• What you should do
Beginning at the line containing "Radio-ohjattava auto 1/10" in the material below and ending at the line containing "白襟が顔映えするエレガントな", return each line exactly and add nothing.

• Given information
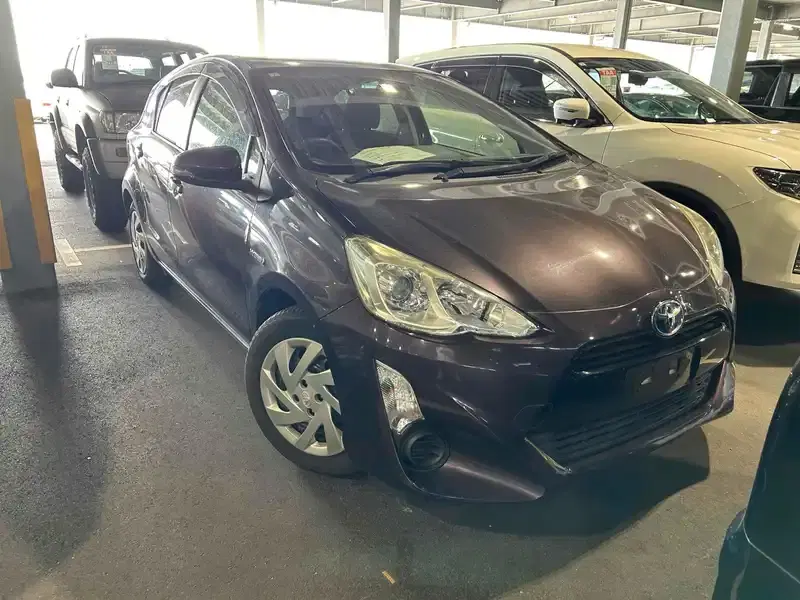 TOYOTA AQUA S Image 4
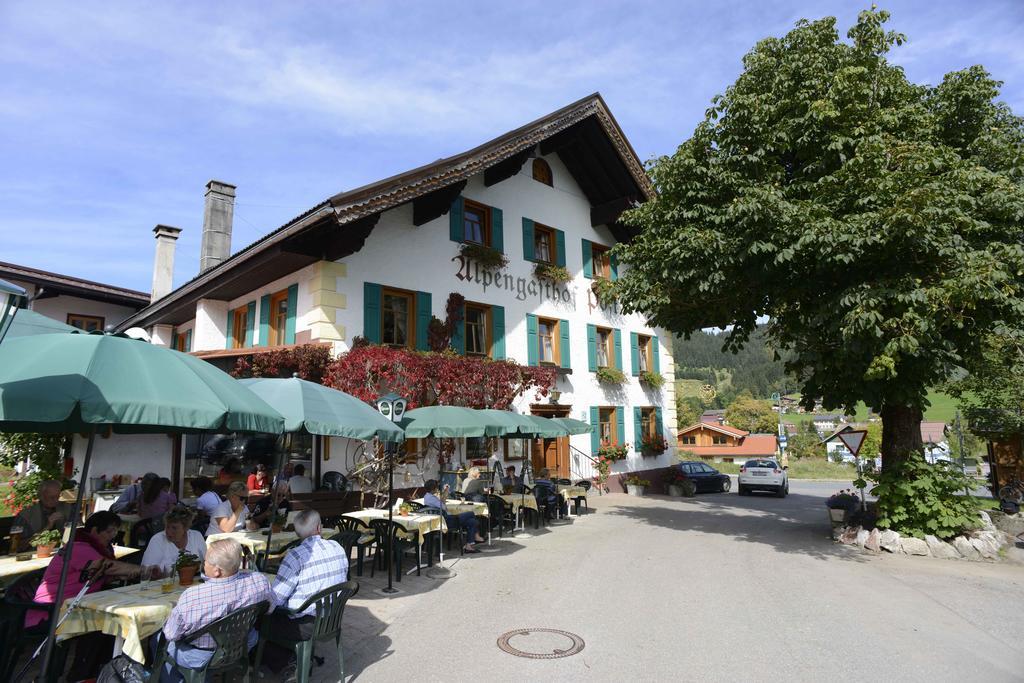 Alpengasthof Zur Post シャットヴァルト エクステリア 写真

---

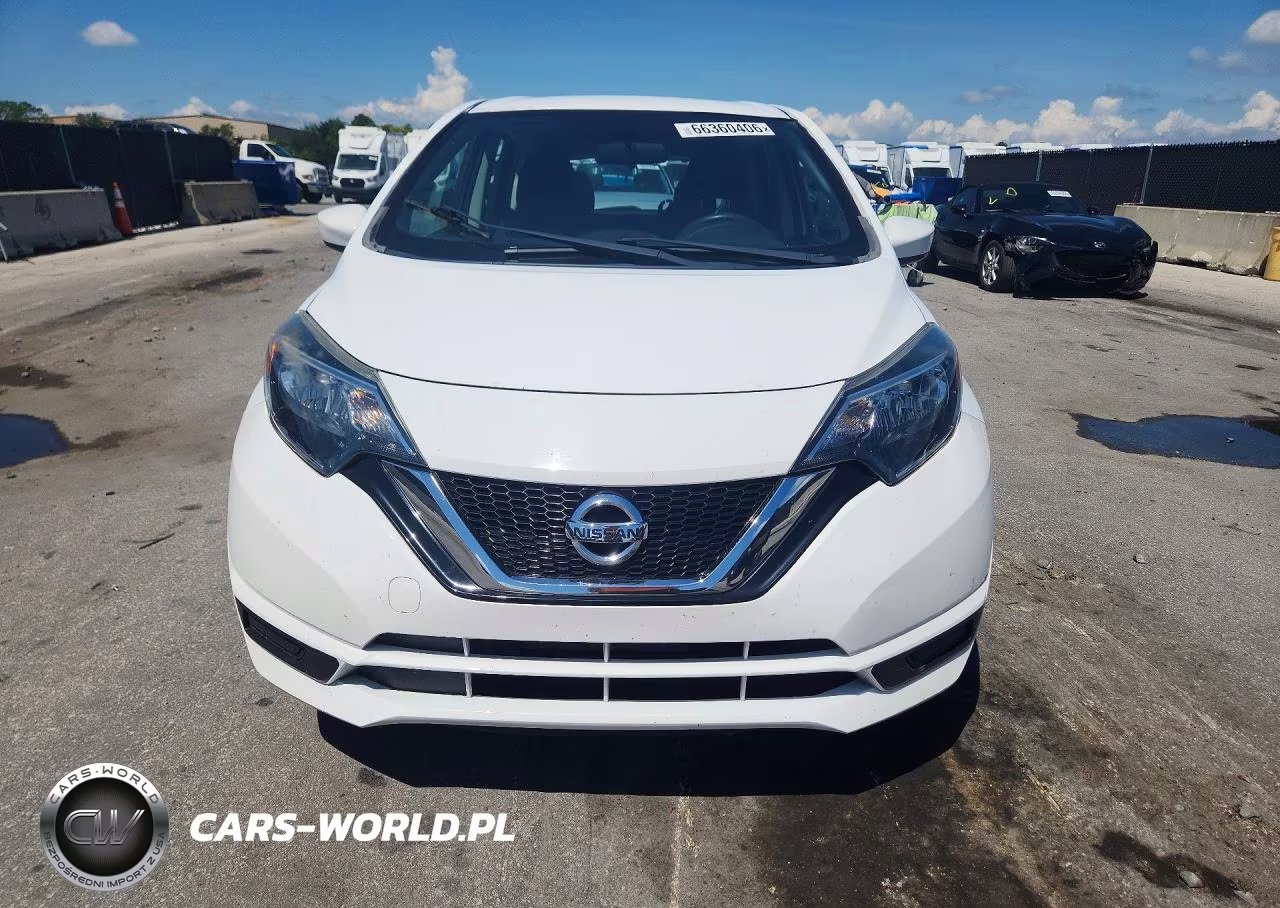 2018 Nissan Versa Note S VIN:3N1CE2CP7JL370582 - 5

==

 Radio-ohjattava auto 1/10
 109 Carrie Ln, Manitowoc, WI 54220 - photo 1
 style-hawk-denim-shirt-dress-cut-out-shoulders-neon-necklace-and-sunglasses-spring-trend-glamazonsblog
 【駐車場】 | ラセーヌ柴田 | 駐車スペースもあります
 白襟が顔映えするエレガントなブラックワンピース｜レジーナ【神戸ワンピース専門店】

• Answer box
 Radio-ohjattava auto 1/10
 109 Carrie Ln, Manitowoc, WI 54220 - photo 1
 style-hawk-denim-shirt-dress-cut-out-shoulders-neon-necklace-and-sunglasses-spring-trend-glamazonsblog
 【駐車場】 | ラセーヌ柴田 | 駐車スペースもあります
 白襟が顔映えするエレガントなブラックワンピース｜レジーナ【神戸ワンピース専門店】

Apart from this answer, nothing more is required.